In the strongest reaction yet to India’s contentious support to a US-sponsored resolution at the United Nations Human Rights Council (UNHRC) against Sri Lanka earlier this year, President Mahinda Rajapaksa has broken his silence by calling upon the Indian Government to have a relook at its dealings with its neighbours.
In a freewheeling interview at his Temple Trees residence, his first full-length interview since India’s vote for the resolution in March, Rajapaksa suggested that India could be abdicating its leadership role in the region. Rajapaksa, in fact, did not fully agree with India’s contention that it had helped tone down the resolution against alleged human rights abuses, saying that if India had continued with its support to Sri Lanka, there may not have been any resolution against Sri Lanka.
In response to the conference in South India, Sri Lanka’s Collective of Nationalist Organisations staged a demonstration march in Colombo over the weekend to protest the Tamil Eelam Solidarity Organisation (TESO) Conference that was scheduled to be held in Chennai by the leader of the Tamil Nadu political party DMK.
The Chairman of Sri Lanka’s Sinhala nationalist Patriotic National Movement Gunadasa Amarasekera had called the TESO Conference an attempt by India’s Tamil Nadu politicians to divide the country and is launched with the support of the Central Government of India.
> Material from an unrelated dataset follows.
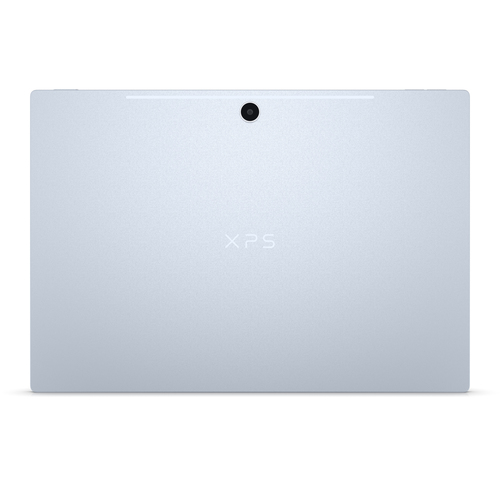 Laptops DELL XPS 13 9315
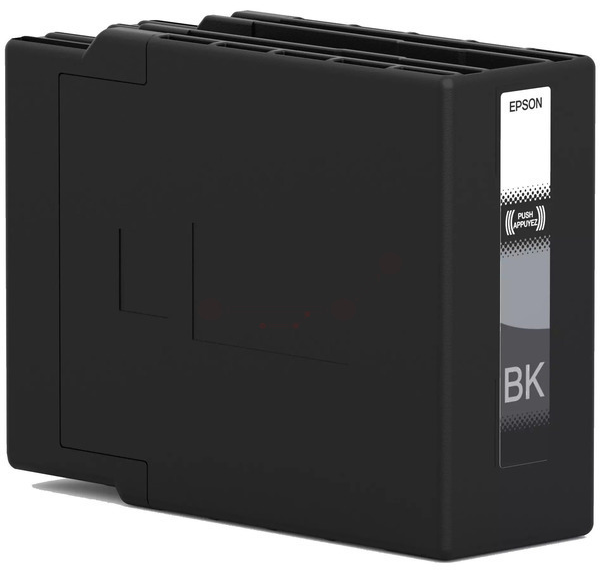 Original Epson T14B1 | C13T14B140 Tintenpatrone Schwarz XXL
The Patriotic National Movement was an active participant of the agitation held last morning before the Indian High Commission in Colombo in protest of the TESO conference. The activists carrying placards and shouting slogans marched to the High Commission and set fire to effigies of DMK Leader M. Karunanidhi and Sri Lanka’s Tamil National Alliance Leader R. Sampanthan.
The Chairman of the Sinhala nationalist organisation linked to Government coalition party National Freedom Front added that their doubt was proved by the Central Government of India allowing the use of the word ‘Eelam,’ which means a ‘separate homeland,’ with the conference.
India’s Central Government on Saturday reversed its earlier edict and told the court that it had no objection to using the word ‘Eelam,’ in the title of the conference, which will undoubtedly raise questions in Sri Lanka.
India will always remain a strong ally of Sri Lanka and while it has over the past few weeks made strong inroads on the economic from with the tour of the Commerce Minister Sharma, there are political tensions that will surface on actions such as the conference. At a sensitive point when Sri Lanka is attempting to rebuild after three decades of war, there will be grave concern if India does not support its neighbour in its peace building efforts.
For the past three year Sri Lanka and India have had strong relations on solving the ethnic issue with many delegations and visits exchanged. While these interactions may not have been entirely satisfactory, firing up the situation would also not lead to sustainable or positive relations between the two countries.
Traditionally tense relations with South India do reflect on the Central Government and more needs to be done on both sides if Sri Lanka is to maintain its hard-won peace.